Managing director Dean Kurpjuweit said the organization is trying to figure out how to meet the need on the city’s south side and said a shelter may be the solution. No location has been decided yet.
Kurpjuweit said there was previously between 20 and 30 people a day using the drop-in at the Neighbour Centre, which is already on the south side. He said that has since grown to more than 100 people every day and said that 60 to 70 per cent of that group does not have stable housing.
“Most of the people we serve, that we’re thinking about this for, tent in the Mill Creek area. You’d want to have proximity to that and you’d want to have proximity to our current Neighbour Centre,” he said.
Kurpjuweit said there is a growing need for a shelter south of the North Saskatchewan River, though he said the facility would be a short-term, not long-term, shelter. He said drop-in services would continue to be overseen by the Neighbour Centre.
“There was a new population that was started. The second thing is, there was definitely some migration [from downtown],” he said.
“It’s very different from the crowd downtown. It’s just a different group of people with a different group of needs. Some of them a little bit more transient, some of them younger because of the university crowd that’s down there.”
Kurpjuweit said the organization is being mindful of different attitudes towards a shelter outside of the downtown core, such as NIMBY, which stands for “not in my back yard.”
“We want to be really sensitive to the communities that are there. Certainly, we want to make sure wherever this goes, it would be in a place that would accommodate and fit nicely within a nice pocket,” he said.
“We’re in the conversation stage. What we don’t want to do is come in with a wrecking ball, but we do want people to understand we are talking about this, we are thinking about it.”
Councillor Ben Henderson, whose ward includes part of the Mill Creek ravine, said an open dialogue with the community is important.
“People are always concerned when things that are different move into a community like this,” he said.
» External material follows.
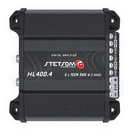 Modulo Potencia Stetsom Hl400.4 Iron High Line 2r Entrada Rca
“There’s no question it always works best if you can have a conversation with the community and really help people understand what kind of thing is going to happen and what kind of facility.”
Henderson said he has been hearing concerns about homelessness from residents for some time.
“Hopefully this will be a healthy and positive solution to making sure everybody is safe and housed,” he said.
“It’s not that there’s likely to be anyone new in the neighbourhood that isn’t there right now. Getting them into good housing where they can get proper support will be a benefit, I think, to everybody.”
Henderson said whatever location is decided upon must be accessible by transit.
“I think putting it in a place which is really out of the way means that people can’t use it or won’t use it. [It] isn’t going to get you any further forward,” he said.
There is no set timeline on the project, though Kurpjuweit, from the Mustard Seed, said he wants to make a decision on whether to move forward by the end of the year.